• [Records shown]:
————————

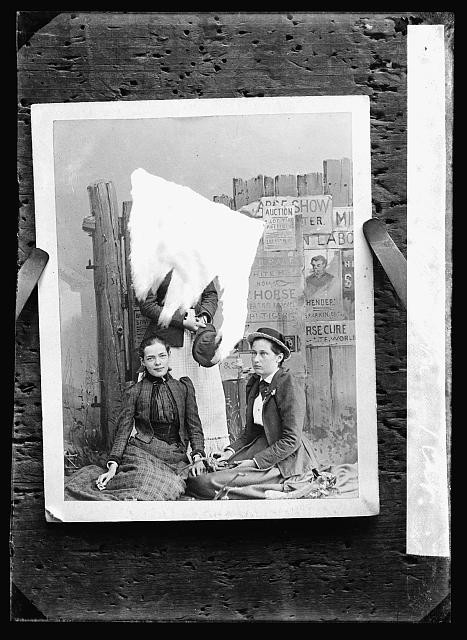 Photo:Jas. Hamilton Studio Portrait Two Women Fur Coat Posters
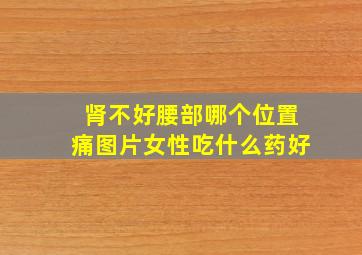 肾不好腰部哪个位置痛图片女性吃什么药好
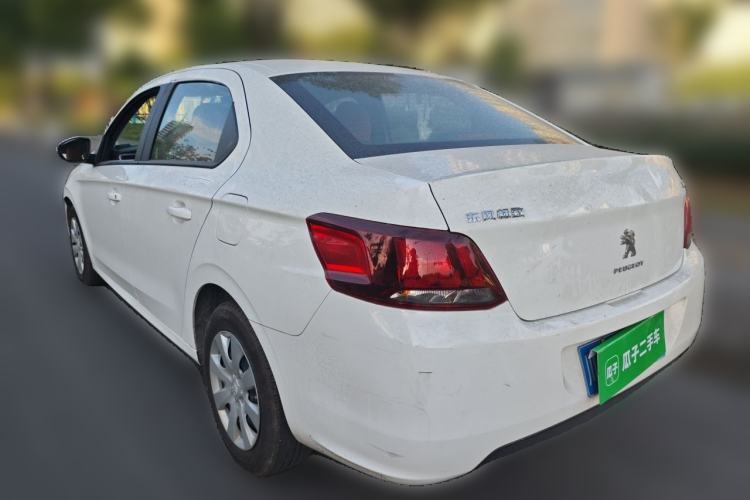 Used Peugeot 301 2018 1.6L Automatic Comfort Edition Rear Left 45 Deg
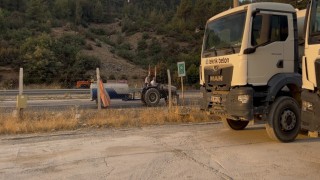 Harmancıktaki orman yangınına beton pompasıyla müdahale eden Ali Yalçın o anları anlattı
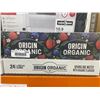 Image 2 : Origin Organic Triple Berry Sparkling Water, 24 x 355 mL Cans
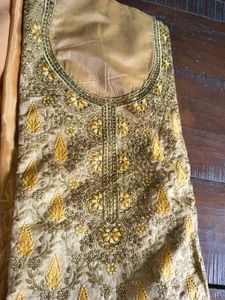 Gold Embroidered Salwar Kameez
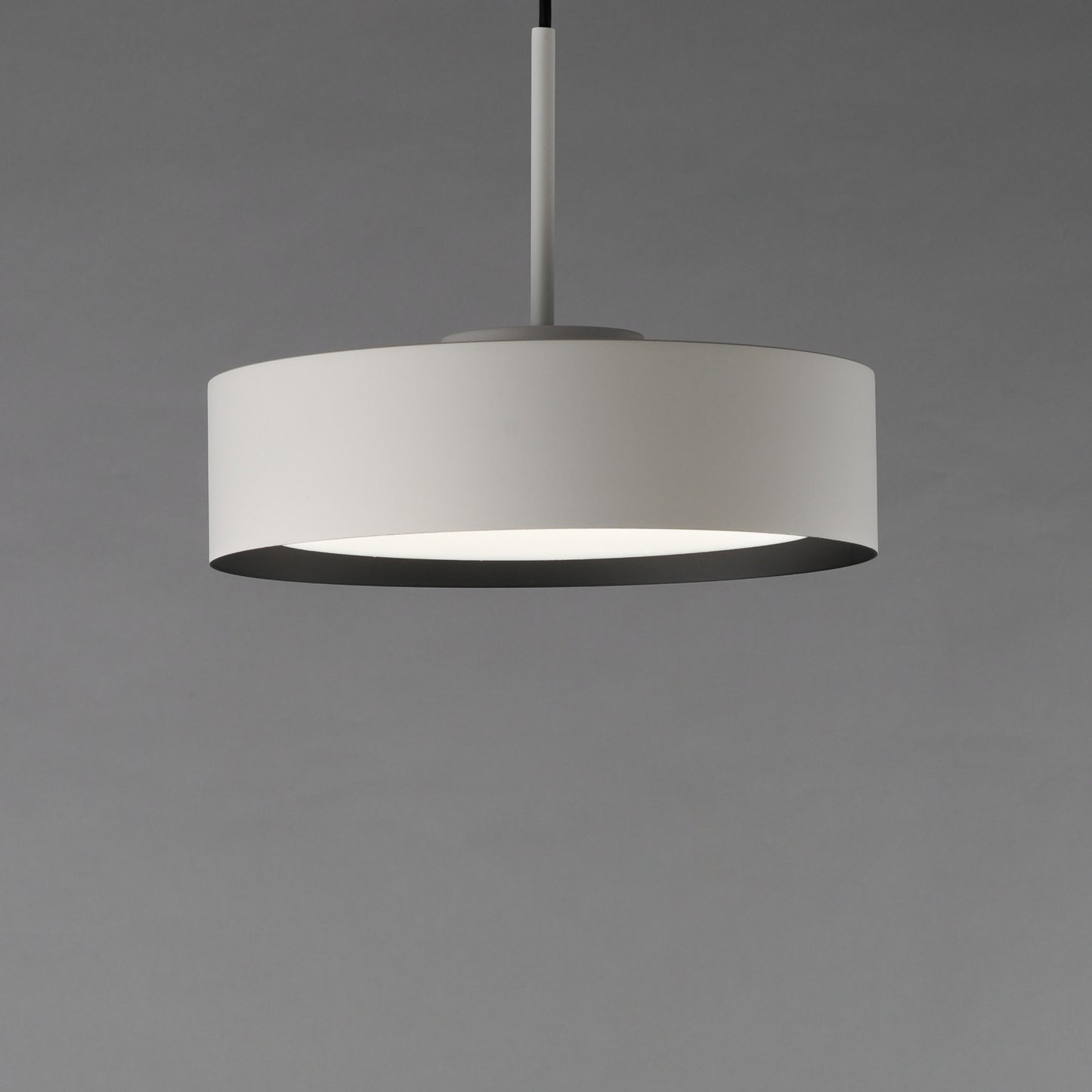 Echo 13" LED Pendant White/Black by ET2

————————

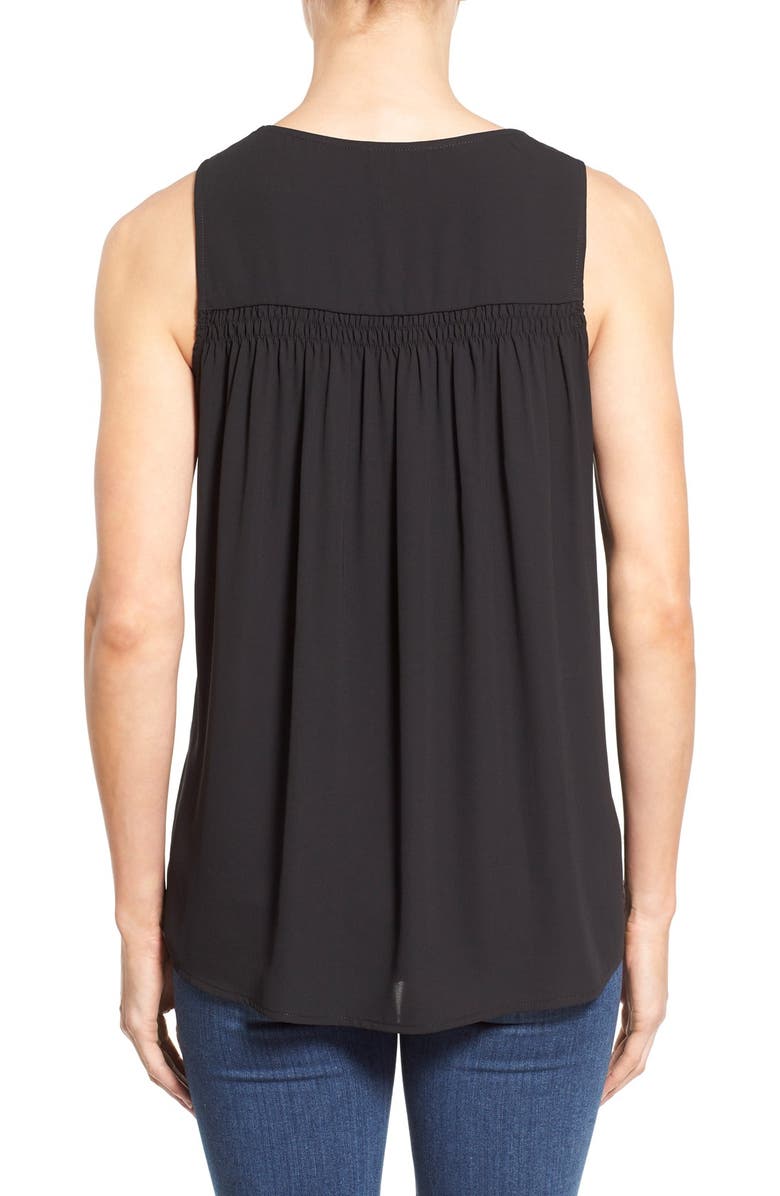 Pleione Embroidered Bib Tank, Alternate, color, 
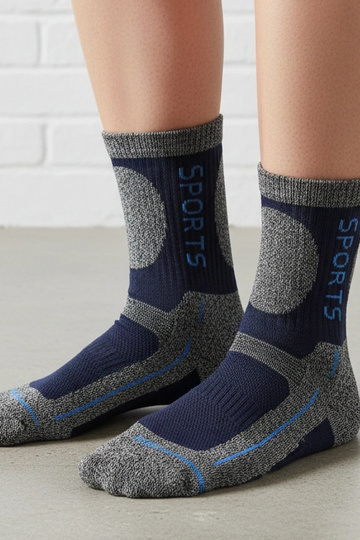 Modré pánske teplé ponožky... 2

————————

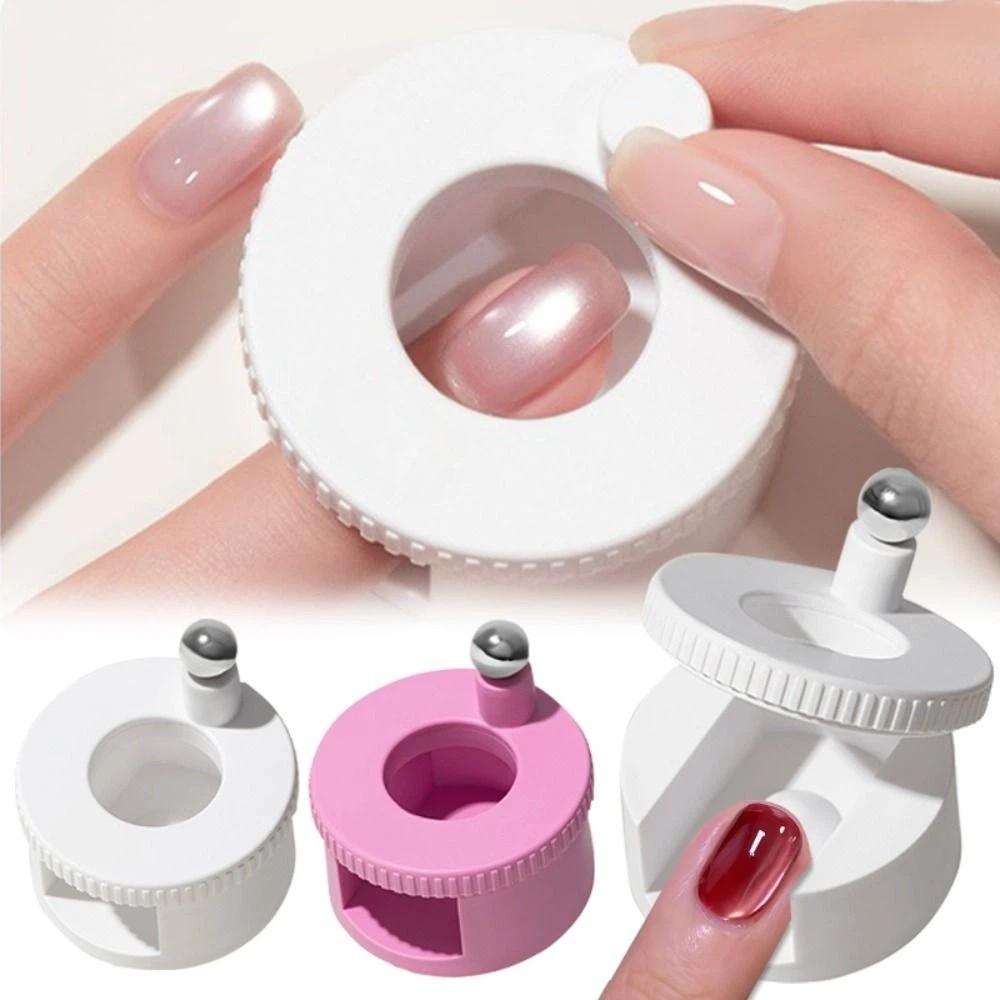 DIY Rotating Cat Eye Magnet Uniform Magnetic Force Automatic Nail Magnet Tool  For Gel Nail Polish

————————

• [Instructions to follow]:
What lines above run from the one with "Photo:Jas. Hamilton Studio" to the one with "White/Black by ET2"? Give them again exactly, ends included, and leave the pictures out.

• [Response box]:
 Photo:Jas. Hamilton Studio Portrait Two Women Fur Coat Posters
 肾不好腰部哪个位置痛图片女性吃什么药好
 Used Peugeot 301 2018 1.6L Automatic Comfort Edition Rear Left 45 Deg
 Harmancıktaki orman yangınına beton pompasıyla müdahale eden Ali Yalçın o anları anlattı
 Image 2 : Origin Organic Triple Berry Sparkling Water, 24 x 355 mL Cans
 Gold Embroidered Salwar Kameez
 Echo 13" LED Pendant White/Black by ET2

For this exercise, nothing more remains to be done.